Emsallerin karşılaştırılması yada gelir yöntemi ile piyasa rayiç değerine ulaşılan arazi değerinin üstüne ilave edilecek olan yapılı taşınmaz değeri, imalatta kullanılan tüm maliyet, özel imalat ve sistemler yıpranma paylarıyla birlikte dikkate alınarak hesaplanmaktadır.

Benzer bir gayrimenkulle mukayese edilerek söz konusu gayrimenkul değerinin bir tahminine ilave olarak, gelişmeleri artırıcı cari gider tahminini, ve söz konusu iyileştirmelerin ne ölçüde amortismana uğradığının bir tahminini gerektirir. Yeniden üretim giderinden amortisman bedeli düşüldükten sonra benzer gayrimenkul ile karşılaştırılan ilgili taşınmaz piyasa değerinin ilave edilmesiyle bulunan meblağ, maliyet yaklaşımı ile elde edilen gayrimenkulün değer göstergesidir. Yeni maliyet değerin üst sınırını tayin etme eğilimindedir.

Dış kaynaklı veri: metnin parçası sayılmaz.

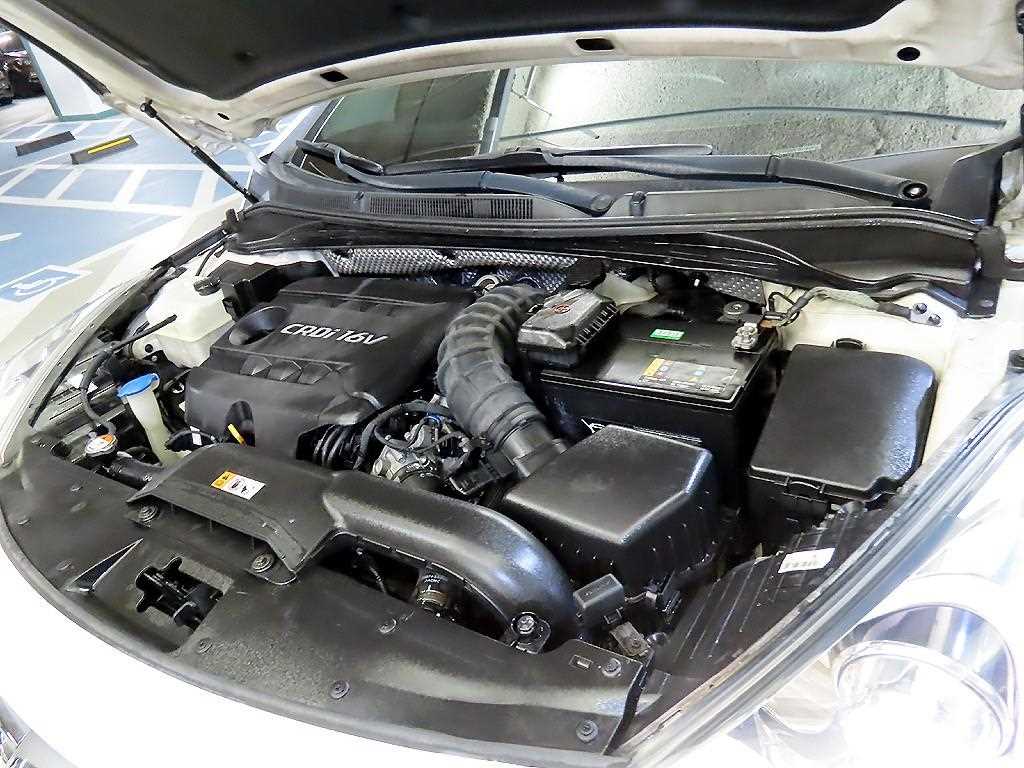 HYUNDAI i40 2012 Blanco - Importación desde Corea - HF Imports Iquique - Foto 19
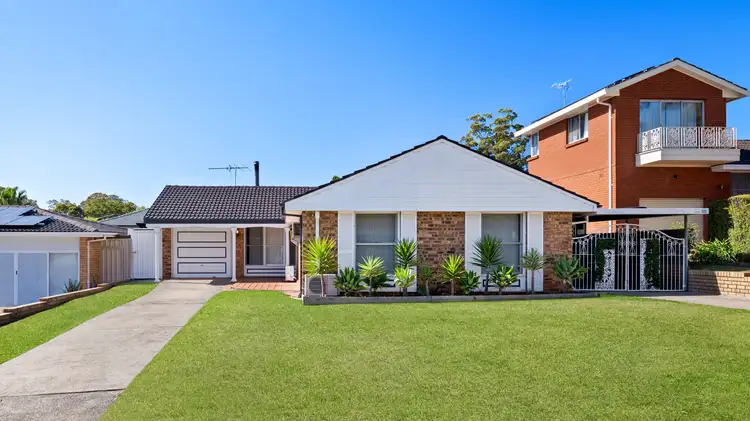 4 Warrina Road, Bradbury NSW 2560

Amortisman nedeniyle değer kaybı söz konusu üç yaklaşımın her birinde dikkate alınmalıdır. Bir yaklaşımdan sağlanan bilgiler başka bir yaklaşımda kullanılabilmektedir. Örneğin, benzer taşınmazların son satışlarıyla mukayese edilen piyasa yaklaşımında sağlanan gayrimenkul bedeli, maliyet yaklaşımı için taşınmaz bedeli tahminini verir. Gelir yaklaşımındaki analizlerden çıkarılan kira zararları genellikle maliyet yaklaşımında ve hatta piyasa yaklaşımında, değer kaybı tahminlerine baz teşkil eder. Bu üçlü yaklaşım konseptinin lehindeki en önemli argüman şudur : ilgili kategorilerden birinde veya birden fazlasında yeterli piyasa bilgilerinin bulunmaması halinde bu bilgiler başka birinde bulunabilir ve güvenilir bir değer tahmininin sunulması için bu üç değer göstergeleri buna göre birbirleriyle ilişkilendirilebilirler. Böylece nihai bir değer tahminine ulaşmada, içinde en inandırıcı ve gerçekçi bilgiler bulunan yaklaşım veya yaklaşımlara genellikle en büyük ağırlık verilecektir.